By Consumers for Quality Care, on June 7, 2022
The Biden administration has proposed fixing a glitch in the Affordable Care Act (ACA) that could help hundreds of thousands of people—mostly children of low-income families and women—become eligible for more affordable coverage, according to The New York Times.
This current ACA rule, known commonly as the “family glitch,” makes it difficult for family members of those with employer-based health insurance to qualify for financial help in buying more affordable coverage through the ACA marketplaces.
Presently a workplace is considered “affordable” if the individual premium for covering just the employee, and not their spouse or children, is less than about 10 percent of the family’s income. However, family premiums are typically higher and may exceed that threshold, meaning the affordability test doesn’t take into account the cost of insuring the whole family.

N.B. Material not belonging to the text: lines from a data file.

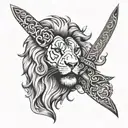 double edged (2 pointed)  Zulfiqaar sword of imam ali in the mouth of a Lion ideally to be placed on right shoulder  tattoo design idea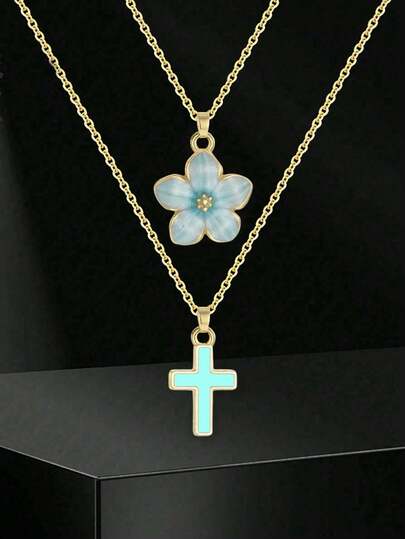 2pcs/Set Lovely & Fashionable Pentagram Cross Pendant Necklace, Suitable For Summer Beach Party, Vacation, Date And Other Occasions, Can Be Birthday Gift Or Daily Decoration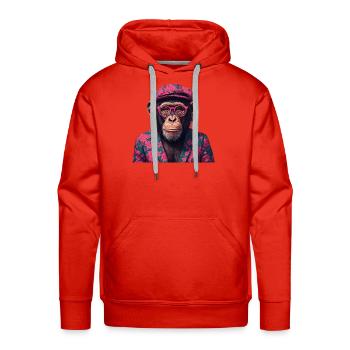 Floral Suit Ape in Pink Glasses - Men's Premium Hoodie - red - Front - Liam (192cm)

“It only considers coverage for the actual employee,” said Jodi Ray, director of the University of South Florida’s Florida Covering Kids & Families initiative. “It really disadvantages people.”
The Urban Institute estimates that affected families would save an average of $400 per person a year on health insurance premiums if the proposed change is finalized. The IRS and the Department of the Treasury have stated they are “working closely” with the Department of Health and Human Services to make sure HealthCare.gov can put the change into effect before the 2023 open enrollment.
CQC applauds all efforts to find solutions that extend affordable health insurance coverage to all consumers and urges the administration and regulators to swiftly enact this measure.